Через две недели после ареста Фатиму погрузили в компенсационный сон, а пришла в себя она уже на «двадцать второй». Она догадалась, что её перевезли куда-то далеко от Кидронии, а шестое чувство подсказало, что вокруг - безлюдное, насыщенное недружественной техникой пространство, а за ним - бесконечность космического вакуума. На объекте создавали минимальную искусственную гравитацию, но при желании Фатима могла допрыгнуть до высокого потолка. Сначала она пыталась восстановить физическую форму, но за несколько недель прекратила упражнения и погрузилась в затяжную депрессию. Она поняла, что впереди у неё долгие годы - если не десятилетия - пребывание между серыми мягкими стенами.
Затем Фатиме начало сниться детство.

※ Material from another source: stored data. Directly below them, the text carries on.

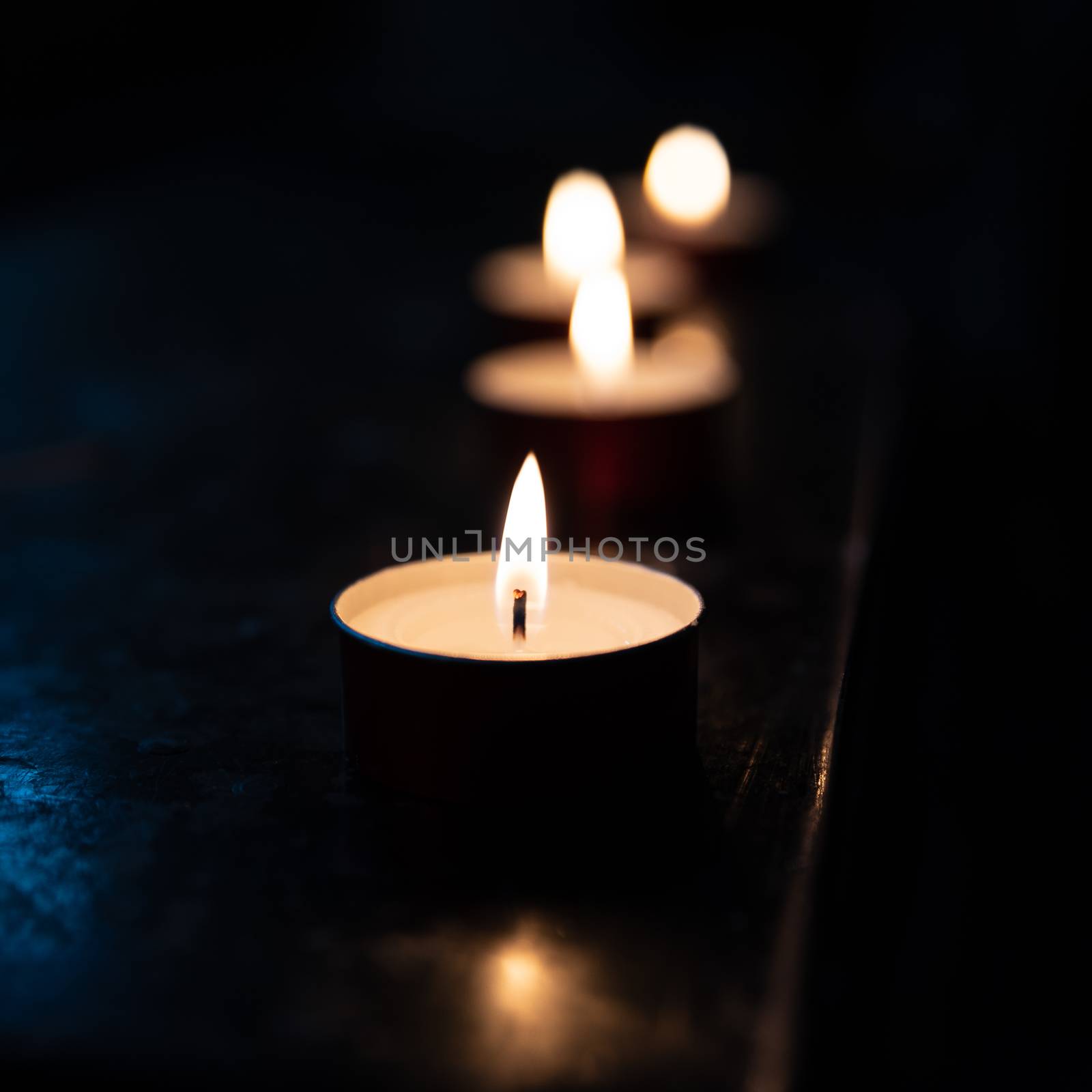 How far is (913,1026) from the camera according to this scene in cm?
81

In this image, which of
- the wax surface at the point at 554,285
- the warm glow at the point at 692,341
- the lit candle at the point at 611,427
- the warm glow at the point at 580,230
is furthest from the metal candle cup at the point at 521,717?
the warm glow at the point at 580,230

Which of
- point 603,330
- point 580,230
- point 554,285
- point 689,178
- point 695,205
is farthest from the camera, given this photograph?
point 689,178

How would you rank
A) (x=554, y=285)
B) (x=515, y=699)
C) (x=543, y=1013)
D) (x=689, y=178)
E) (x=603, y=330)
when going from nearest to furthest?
(x=543, y=1013) → (x=515, y=699) → (x=603, y=330) → (x=554, y=285) → (x=689, y=178)

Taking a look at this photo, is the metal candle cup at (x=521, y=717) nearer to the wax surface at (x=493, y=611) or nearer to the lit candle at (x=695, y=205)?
the wax surface at (x=493, y=611)

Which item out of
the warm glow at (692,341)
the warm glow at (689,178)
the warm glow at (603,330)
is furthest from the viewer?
the warm glow at (689,178)

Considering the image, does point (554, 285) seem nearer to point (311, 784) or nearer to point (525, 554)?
A: point (525, 554)

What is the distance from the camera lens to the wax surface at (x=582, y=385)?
1.11 metres

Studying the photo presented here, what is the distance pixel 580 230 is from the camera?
192cm

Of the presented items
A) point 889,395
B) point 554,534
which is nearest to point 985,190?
point 889,395

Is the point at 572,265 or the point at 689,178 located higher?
the point at 689,178

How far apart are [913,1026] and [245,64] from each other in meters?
4.72

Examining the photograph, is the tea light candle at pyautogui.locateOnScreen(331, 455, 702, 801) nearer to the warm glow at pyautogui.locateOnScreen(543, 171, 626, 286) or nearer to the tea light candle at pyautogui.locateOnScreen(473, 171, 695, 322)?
the tea light candle at pyautogui.locateOnScreen(473, 171, 695, 322)

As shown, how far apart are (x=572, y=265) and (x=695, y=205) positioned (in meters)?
0.75

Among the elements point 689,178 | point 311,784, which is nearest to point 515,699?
point 311,784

Прогулки по аврелианскому имению, обучение в престижной школе для потомков аристократических домов, семейные ужины и завтраки, первая любовь и первые шаги к светской жизни. Один из снов повторялся чаще. Он воспроизводил реальное событие. Один солнечный день, когда дочь главного судьи Второго флота отдыхала под деревьями в родовом поместье. Под адаптированными к климату и почве Аврелии земными липами, которыми отец приказал окружить садовую беседку. Бездумные, наполненные светом и ленивой жарой, послеобеденные часы, проведенные в этой беседке, были любимым отдыхом юной аристократки. Однажды она дремала под раздробленным листьями лучами Мийтры, когда вдруг почувствовала взгляд. Нечеловеческий взгляд чужого существа. Её тренированное спортивными упражнениями тело среагировало быстрее сознания. Девушка перепрыгнула через ограждение и побежала к главному зданию поместья. Шаровая молния вошла в песок в двух шагах от неё. Фатиме на мгновение показалось, что Золотая Планета хочет сбросить её со своей поверхности. Песок потускнел, обувь вспыхнула, а с ног до позвоночника пробежал ток, перемешанный со жгучей болью. Там, где медики встроили в её тело регистрирующий имплантат, ток превратился в крошечный взрыв, и сознание девушки погасло.
От пищевых ритуалов существа, известного как Adelma polaria bipunctata, её спасла охрана. Фатиму немедленно доставили в военный госпиталь. Там обнаружили характерные плазмогенные поражения и полное уничтожение регистрирующего имплантата. Три месяца девушка не чувствовала ног, но со временем все функции восстановились, а ожоги на подошвах почти не оставили шрамов. Тогда Фатиме показалось, что часть энергии молнии осталась жить в её теле. Обычно равнодушная к сексу, она после нападения Адельмы стала стремиться к новым чувственным впечатлениям и менять любовников раз в неделю. Её красота расцвела, тело приобрело выносливости и искало пограничных приключений и напряжений. Она почувствовала странное желание властвовать над событиями и вещами. Она стала неутомимой, жестокой и требовательной. Клонки-служанки теперь пытались не попадаться на глаза младшей дочери судьи. А те, которым это не удавалось, ходили в закрытой одежде, пряча следы от её кожаной плети.